Task to carry out:
In the data below, restate exactly the lines from the one with "Великодній кошик із" to the final line, both included, but not the pictures.
[Opening Data provided section]
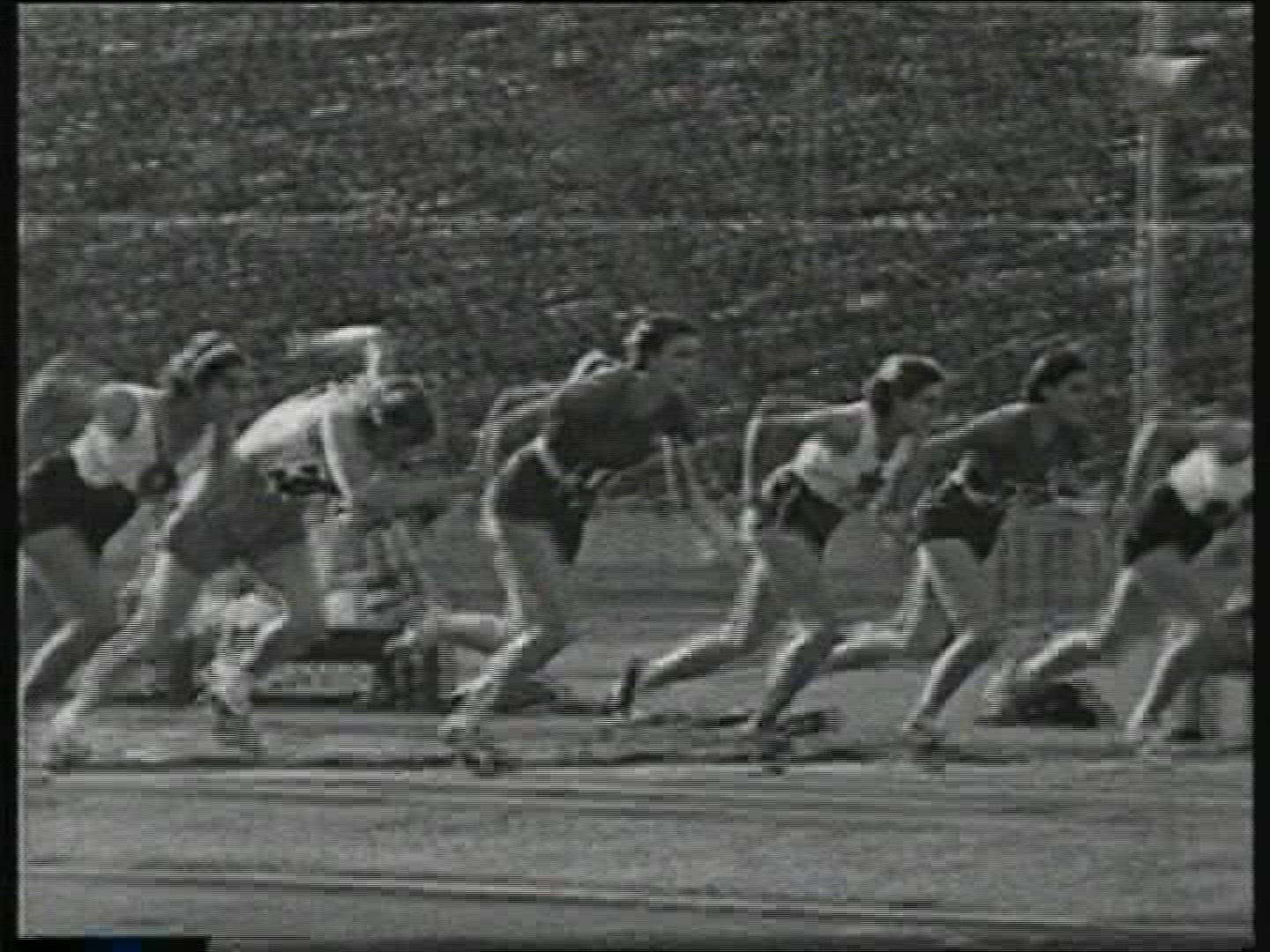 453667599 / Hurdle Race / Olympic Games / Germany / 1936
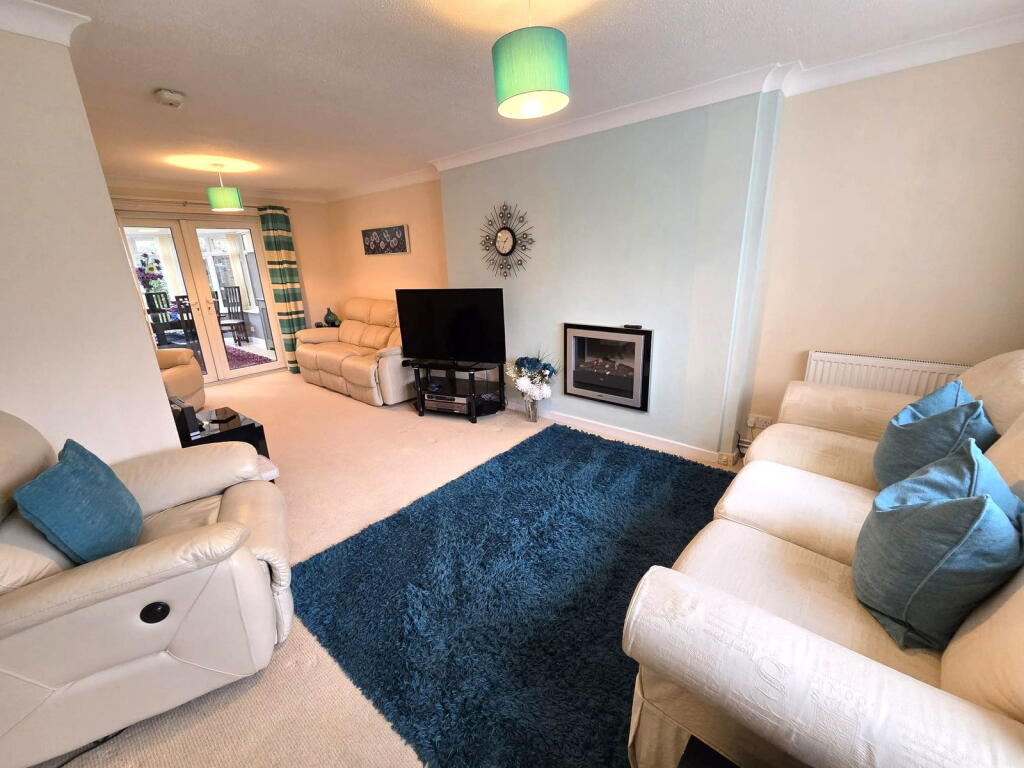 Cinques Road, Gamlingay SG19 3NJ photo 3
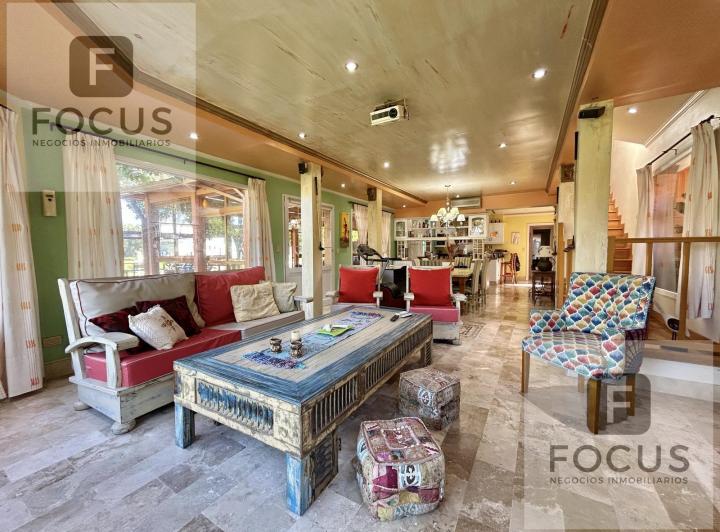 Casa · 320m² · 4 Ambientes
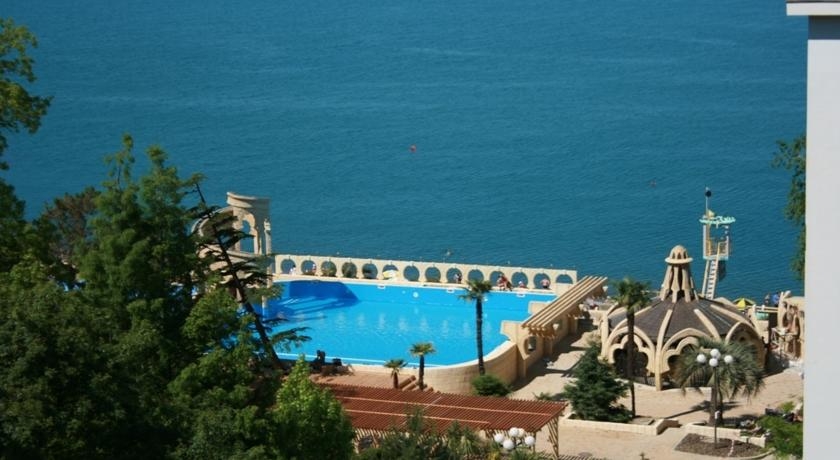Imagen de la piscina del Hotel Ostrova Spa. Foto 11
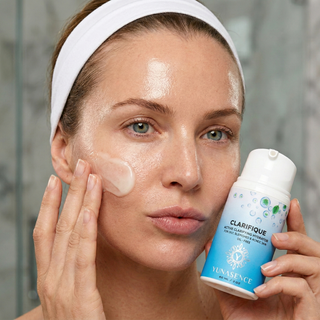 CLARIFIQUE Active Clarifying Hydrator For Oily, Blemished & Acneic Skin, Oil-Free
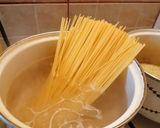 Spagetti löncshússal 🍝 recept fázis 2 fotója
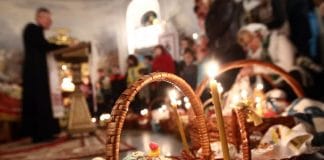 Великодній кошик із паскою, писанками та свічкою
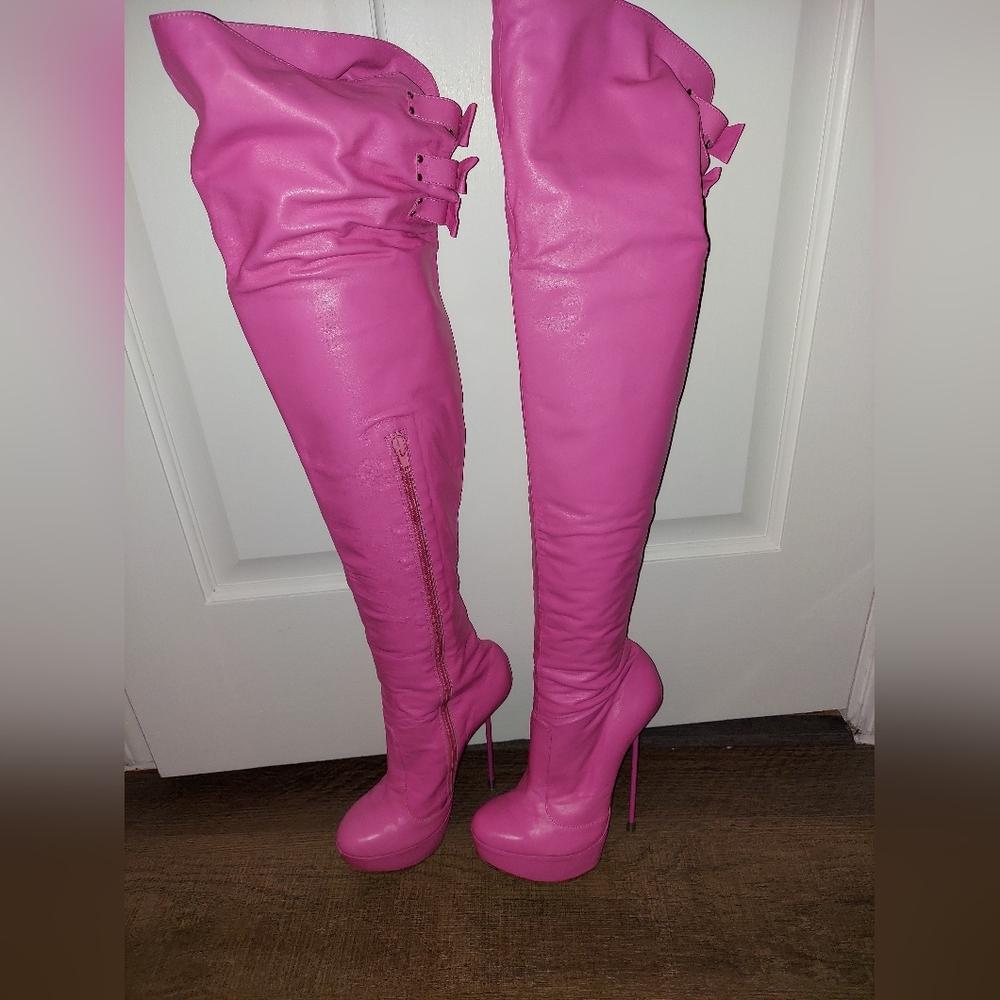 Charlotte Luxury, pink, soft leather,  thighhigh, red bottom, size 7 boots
[Closing Data provided section]
Solution to this task:
 Великодній кошик із паскою, писанками та свічкою
 Charlotte Luxury, pink, soft leather,  thighhigh, red bottom, size 7 boots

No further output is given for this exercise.